Mr. A, a U.S. resident, grants the right to drill for or take the oil & gas from his Canadian freehold property to a Canadian company, in consideration for an upfront bonus of $100,000, and annual royalties payable out of any oil & gas production.

After noting that these transactions result in a negative cumulative Canadian oil and gas property expense ("CCOGPE") pool, that any resulting credit balance would be deducted from his cumulative Canadian development expense ("CCDE") pool under variable L, and any negative balance CCDE balance for the year is added to his income pursuant to ss. 66.2(1), 59(3.2)(c) and 115(1)(a)(ii) or (iii.1), CRA quoted from the definition of "real property" in the Canada-U.S. Treaty and in the Income Tax Conventions Interpretation Act, and stated:

Therefore, if Mr. A has an amount included in income under paragraph 115(1)(a) with respect to the disposition of CRP as described above, the ITCIA and Article VI of the Treaty preserve Canada's right to tax the income without limit.

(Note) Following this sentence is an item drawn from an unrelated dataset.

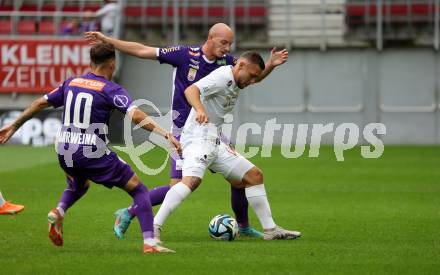 Fussball Bundesliga. SK Austria Klagenfurt gegen SC Austria Lustenau.  Sinan Karweina, Nicolas Wimmer, (Klagenfurt),  Anthony Schmid    (Lustenau).  Klagenfurt, am 23.9.2023.
Foto: Kuess
---
pressefotos, pressefotografie, kuess, qs, qspictures, sport, bild, bilder, bilddatenbank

Locations of other summaries Wordcount
Tax Topics - Income Tax Act - Section 115 - Subsection 115(1) - Paragraph 115(1)(a) - Subparagraph 115(1)(a)(iii.1) negative CCDE pool for non-resident individual 176
Tax Topics - Income Tax Act - Section 66.4 - Subsection 66.4(5) - F FMV addition and subtraction where drilling rights are granted for royalty 143
Tax Topics - Income Tax Regulations - Regulation 805 application to resource royalties 252
Tax Topics - Treaties - Income Tax Conventions - Article 12 non-application of Art. 12 of US Treaty to resource royalties 142

1 February 2012 External T.I. 2011-0431571E5 - Canadian resource royalty received by US resident

oil royalty payments are covered by Art. VI, para. 2 of the Canada-US Convention ("amounts computed by reference to the amount or value of production from...resources") rather than by Art.XII, para. 4 ("payments...for...the use of...tangible personal property") and, accordingly, are not subject to the Treaty-reduced withholding tax rate.